Input for this task section start

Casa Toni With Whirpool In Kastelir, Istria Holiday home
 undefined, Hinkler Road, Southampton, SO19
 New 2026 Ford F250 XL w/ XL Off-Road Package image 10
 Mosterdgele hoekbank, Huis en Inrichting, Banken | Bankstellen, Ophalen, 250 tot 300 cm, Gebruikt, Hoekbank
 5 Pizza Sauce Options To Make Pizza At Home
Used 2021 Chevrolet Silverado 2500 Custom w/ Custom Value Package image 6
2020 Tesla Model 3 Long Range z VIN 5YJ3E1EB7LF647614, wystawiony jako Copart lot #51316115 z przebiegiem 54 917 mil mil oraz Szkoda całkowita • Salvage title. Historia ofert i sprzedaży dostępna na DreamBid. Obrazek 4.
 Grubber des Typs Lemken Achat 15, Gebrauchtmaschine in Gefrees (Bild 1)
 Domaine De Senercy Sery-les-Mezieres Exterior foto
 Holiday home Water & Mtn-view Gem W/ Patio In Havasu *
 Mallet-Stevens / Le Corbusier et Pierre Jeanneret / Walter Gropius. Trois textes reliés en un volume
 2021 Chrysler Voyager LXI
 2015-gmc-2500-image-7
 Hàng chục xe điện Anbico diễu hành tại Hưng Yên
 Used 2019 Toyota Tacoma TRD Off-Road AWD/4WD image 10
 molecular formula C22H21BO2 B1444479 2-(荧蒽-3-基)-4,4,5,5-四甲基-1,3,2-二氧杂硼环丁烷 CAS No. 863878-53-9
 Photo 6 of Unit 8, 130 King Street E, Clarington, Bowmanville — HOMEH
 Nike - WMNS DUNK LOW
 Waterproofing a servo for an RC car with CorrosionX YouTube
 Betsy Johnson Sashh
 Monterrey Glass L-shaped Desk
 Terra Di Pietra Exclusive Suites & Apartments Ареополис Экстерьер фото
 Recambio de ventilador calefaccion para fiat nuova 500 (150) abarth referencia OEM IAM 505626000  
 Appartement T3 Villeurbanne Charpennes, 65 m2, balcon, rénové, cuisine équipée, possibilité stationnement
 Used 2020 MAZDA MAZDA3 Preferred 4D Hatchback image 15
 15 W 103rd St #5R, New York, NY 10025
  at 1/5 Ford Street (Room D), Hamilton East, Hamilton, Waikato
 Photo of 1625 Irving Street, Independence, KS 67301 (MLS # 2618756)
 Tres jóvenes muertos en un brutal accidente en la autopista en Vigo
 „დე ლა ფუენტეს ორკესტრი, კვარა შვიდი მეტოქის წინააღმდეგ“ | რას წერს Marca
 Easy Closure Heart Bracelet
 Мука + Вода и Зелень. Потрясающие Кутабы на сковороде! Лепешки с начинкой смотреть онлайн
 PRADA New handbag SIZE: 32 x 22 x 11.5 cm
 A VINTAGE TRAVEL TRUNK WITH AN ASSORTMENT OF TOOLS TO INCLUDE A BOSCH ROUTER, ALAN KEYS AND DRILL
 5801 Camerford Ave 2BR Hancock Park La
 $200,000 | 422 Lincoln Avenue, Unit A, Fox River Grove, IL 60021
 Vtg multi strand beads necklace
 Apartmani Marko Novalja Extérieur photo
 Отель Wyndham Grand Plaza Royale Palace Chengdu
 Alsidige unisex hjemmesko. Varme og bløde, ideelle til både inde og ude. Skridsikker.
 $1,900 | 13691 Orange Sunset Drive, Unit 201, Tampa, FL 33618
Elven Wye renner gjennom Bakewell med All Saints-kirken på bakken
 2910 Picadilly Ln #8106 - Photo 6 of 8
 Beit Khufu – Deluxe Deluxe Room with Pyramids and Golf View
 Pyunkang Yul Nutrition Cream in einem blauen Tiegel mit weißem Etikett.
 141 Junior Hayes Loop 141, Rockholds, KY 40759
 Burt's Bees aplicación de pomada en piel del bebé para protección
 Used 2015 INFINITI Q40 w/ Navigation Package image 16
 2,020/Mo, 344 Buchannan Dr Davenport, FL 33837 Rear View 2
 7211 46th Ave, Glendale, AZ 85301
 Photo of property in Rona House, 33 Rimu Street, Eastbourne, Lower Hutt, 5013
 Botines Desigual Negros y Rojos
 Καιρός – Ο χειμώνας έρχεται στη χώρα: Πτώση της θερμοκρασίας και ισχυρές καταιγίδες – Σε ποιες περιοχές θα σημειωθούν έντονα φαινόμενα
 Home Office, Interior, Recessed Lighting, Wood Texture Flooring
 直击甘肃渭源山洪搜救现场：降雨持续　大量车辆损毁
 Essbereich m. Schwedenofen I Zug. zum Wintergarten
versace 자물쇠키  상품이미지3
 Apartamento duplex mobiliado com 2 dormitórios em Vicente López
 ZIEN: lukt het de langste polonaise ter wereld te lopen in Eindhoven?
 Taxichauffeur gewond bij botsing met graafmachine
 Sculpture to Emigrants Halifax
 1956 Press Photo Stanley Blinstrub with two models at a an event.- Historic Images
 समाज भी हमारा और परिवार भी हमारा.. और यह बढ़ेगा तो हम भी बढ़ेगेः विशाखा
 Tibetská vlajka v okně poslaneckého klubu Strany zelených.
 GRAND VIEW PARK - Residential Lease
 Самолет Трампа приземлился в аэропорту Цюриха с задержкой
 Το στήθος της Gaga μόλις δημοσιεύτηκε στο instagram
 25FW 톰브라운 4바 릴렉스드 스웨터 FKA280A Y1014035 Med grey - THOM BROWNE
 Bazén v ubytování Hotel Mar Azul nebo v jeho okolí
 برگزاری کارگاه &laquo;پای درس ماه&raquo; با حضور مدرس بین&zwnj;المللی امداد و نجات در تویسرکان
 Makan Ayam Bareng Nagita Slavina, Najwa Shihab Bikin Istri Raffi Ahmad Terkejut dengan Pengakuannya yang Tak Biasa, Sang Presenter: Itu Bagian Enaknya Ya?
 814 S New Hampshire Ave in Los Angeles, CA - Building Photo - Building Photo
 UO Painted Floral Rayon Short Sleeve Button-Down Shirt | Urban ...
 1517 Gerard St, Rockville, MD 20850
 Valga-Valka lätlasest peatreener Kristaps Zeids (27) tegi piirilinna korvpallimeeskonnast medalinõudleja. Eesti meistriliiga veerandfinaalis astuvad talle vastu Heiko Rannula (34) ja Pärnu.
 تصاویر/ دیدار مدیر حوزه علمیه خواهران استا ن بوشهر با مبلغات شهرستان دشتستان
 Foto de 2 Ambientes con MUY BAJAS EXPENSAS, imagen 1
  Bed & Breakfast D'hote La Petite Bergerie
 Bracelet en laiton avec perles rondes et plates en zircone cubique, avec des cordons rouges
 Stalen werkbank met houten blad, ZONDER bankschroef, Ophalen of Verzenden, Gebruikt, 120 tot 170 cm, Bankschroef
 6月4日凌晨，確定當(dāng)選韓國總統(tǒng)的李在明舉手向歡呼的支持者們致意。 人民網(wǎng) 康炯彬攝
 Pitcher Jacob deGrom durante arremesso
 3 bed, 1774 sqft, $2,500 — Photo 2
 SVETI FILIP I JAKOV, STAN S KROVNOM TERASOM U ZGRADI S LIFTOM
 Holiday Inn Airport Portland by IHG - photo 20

Input for this task section end

Starting at the line that contains "Pitcher Jacob deGrom durante arremesso", copy each line exactly through the end of the listing above. Include that first line and the last one, and add nothing.

== Response to this task ==
 Pitcher Jacob deGrom durante arremesso
 3 bed, 1774 sqft, $2,500 — Photo 2
 SVETI FILIP I JAKOV, STAN S KROVNOM TERASOM U ZGRADI S LIFTOM
 Holiday Inn Airport Portland by IHG - photo 20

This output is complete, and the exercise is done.